Problem to work on:
Retype the whole listing, please, keeping every line exact and dropping the pictures.
—————
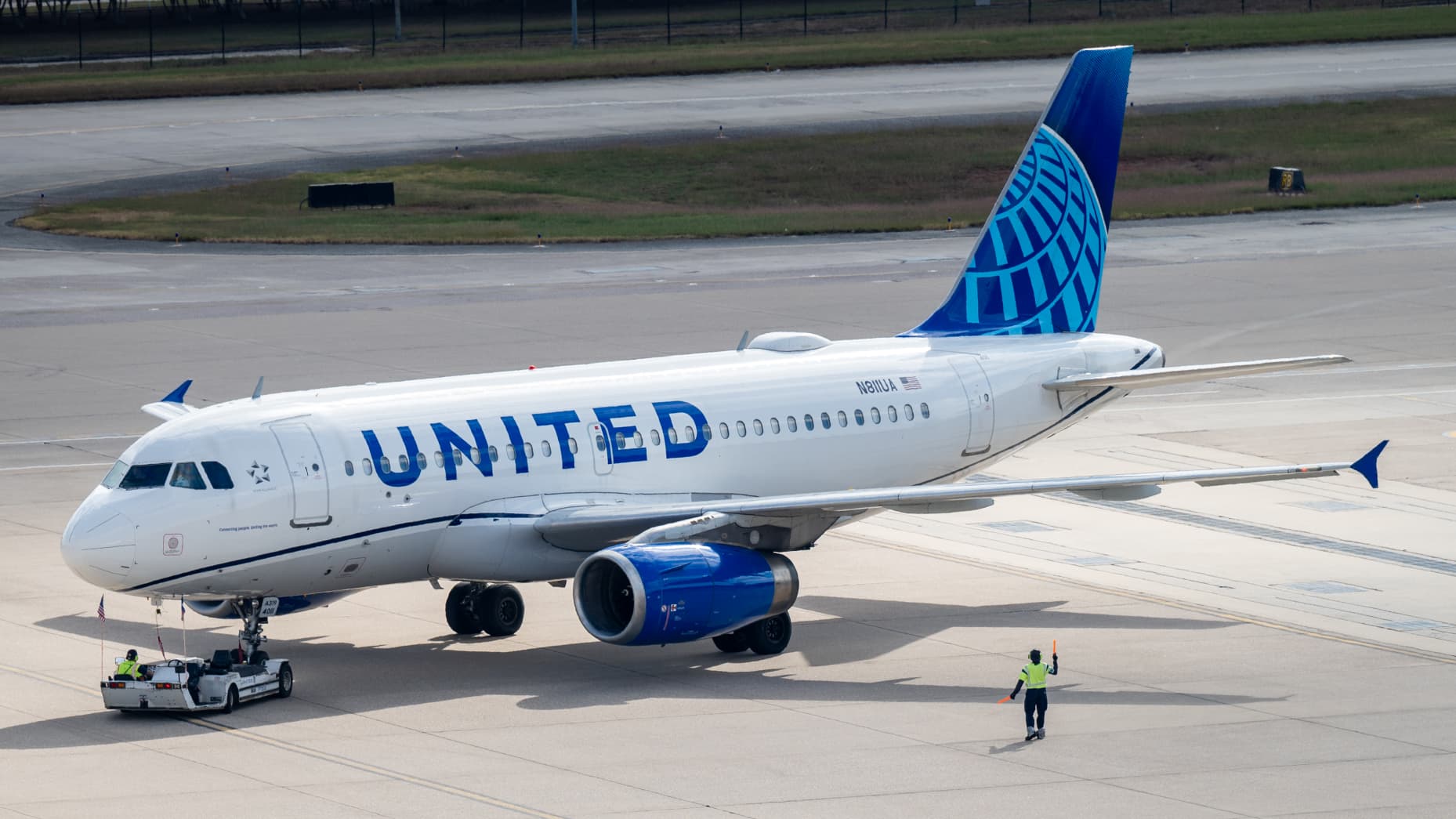 HOUSTON, TEXAS - NOVEMBER 06: An United Airlines airplane undergoes service at the George Bush Intercontinental Airport on November 06, 2025 in Houston, Texas. Federal Aviation Administrator Bryan Bedford has announced that the FAA will be reducing flights by 10 percent in 40 major airports around the country in an effort to keep airspace safe amid staffing shortages due to the government shutdown.  (Photo by Brandon Bell/Getty Images)
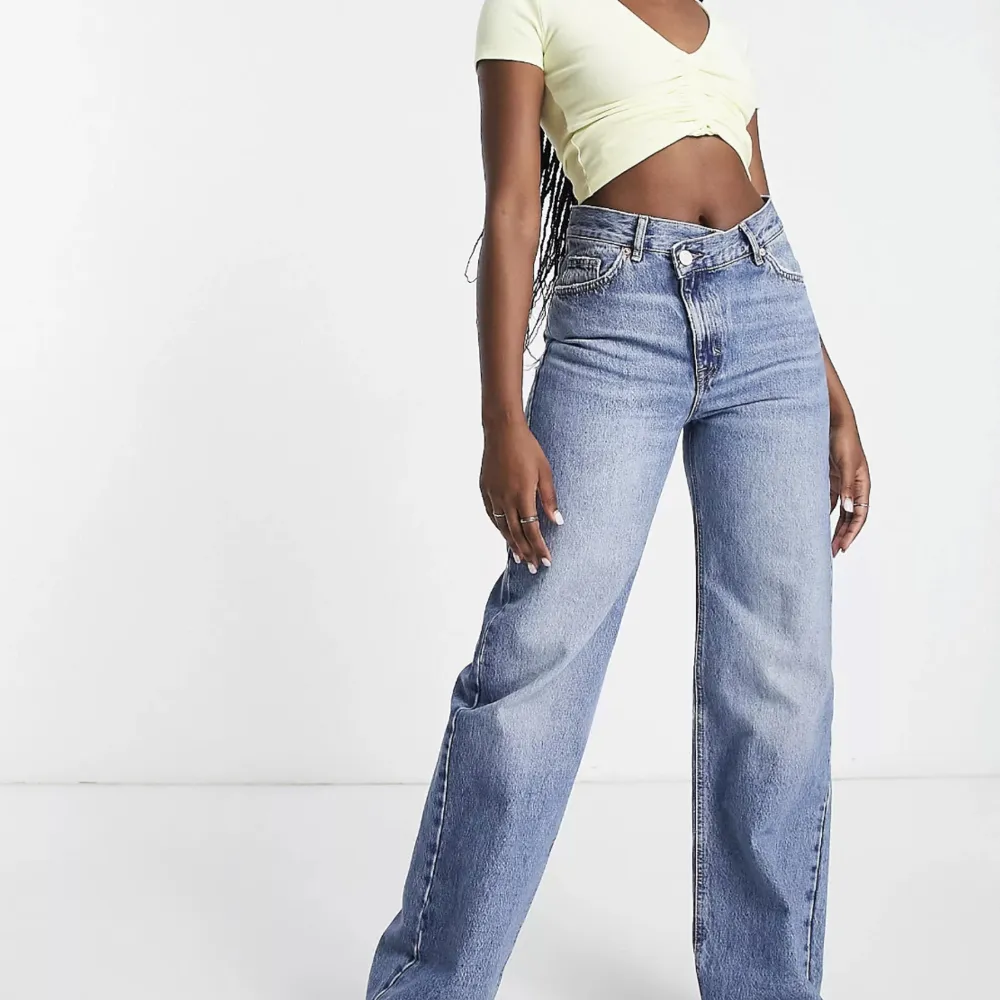 Ett par vida mörkblå jeans 🤍  Använda få tal gånger. Säljer då dem är lite för stora🤍lite långa för mig och jag är ca 160cm🤍. Jeans & Byxor.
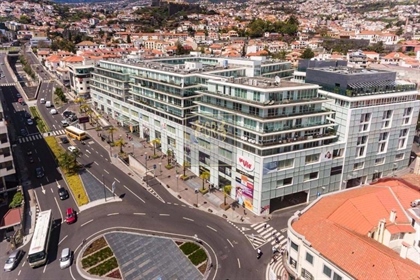 Appartement T4 dans le centre de Funchal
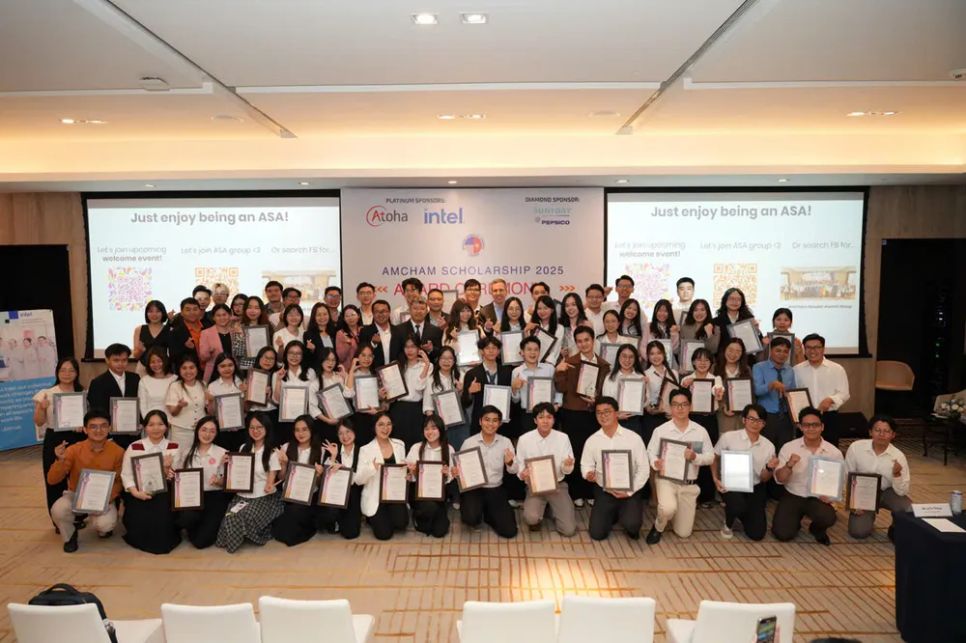 Các sinh viên nhận học bổng AmCham TPHCM năm 2025 Các sinh viên nhận học bổng AmCham TPHCM năm 2025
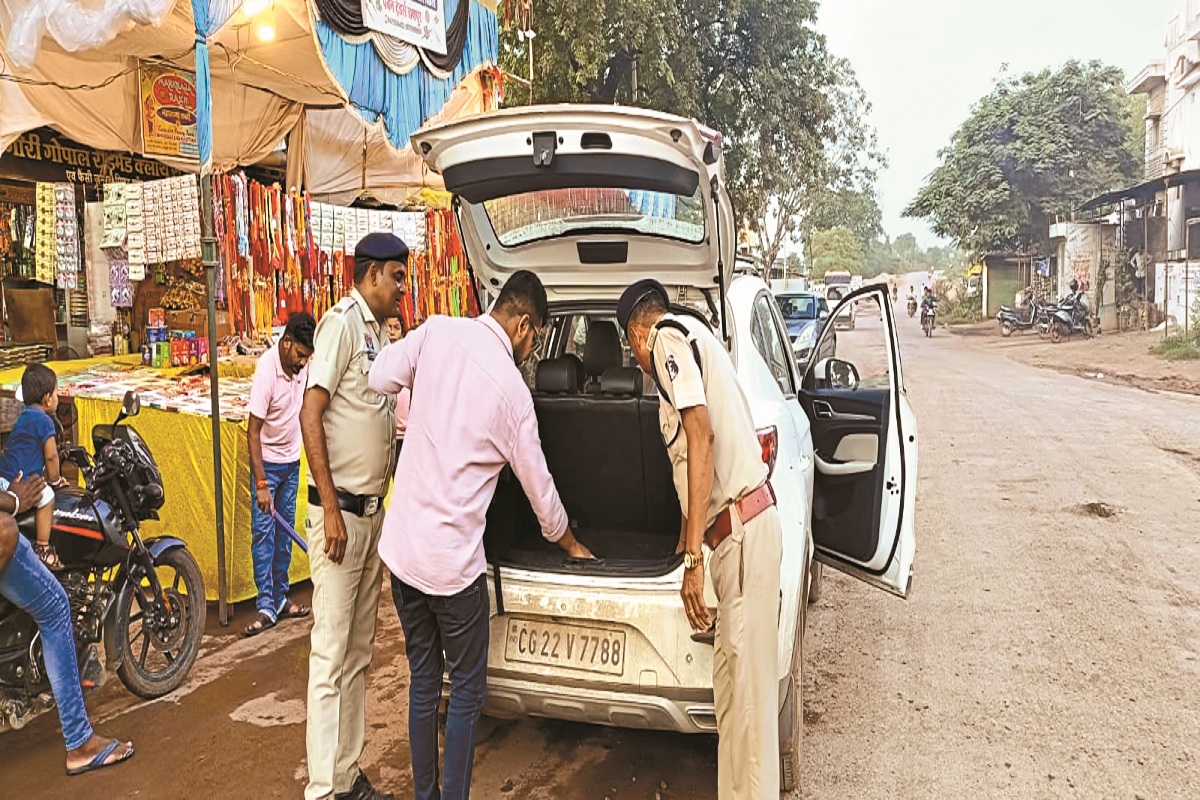 CG News: शहर के इस जगह में पुलिस की तगड़ी चेकिंग, 223 का चालान काटा, इनमें 10 ड्राइवर शराबी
—————
Finished exercise:
 HOUSTON, TEXAS - NOVEMBER 06: An United Airlines airplane undergoes service at the George Bush Intercontinental Airport on November 06, 2025 in Houston, Texas. Federal Aviation Administrator Bryan Bedford has announced that the FAA will be reducing flights by 10 percent in 40 major airports around the country in an effort to keep airspace safe amid staffing shortages due to the government shutdown.  (Photo by Brandon Bell/Getty Images)
 Ett par vida mörkblå jeans 🤍  Använda få tal gånger. Säljer då dem är lite för stora🤍lite långa för mig och jag är ca 160cm🤍. Jeans & Byxor.
 Appartement T4 dans le centre de Funchal
 Các sinh viên nhận học bổng AmCham TPHCM năm 2025 Các sinh viên nhận học bổng AmCham TPHCM năm 2025
 CG News: शहर के इस जगह में पुलिस की तगड़ी चेकिंग, 223 का चालान काटा, इनमें 10 ड्राइवर शराबी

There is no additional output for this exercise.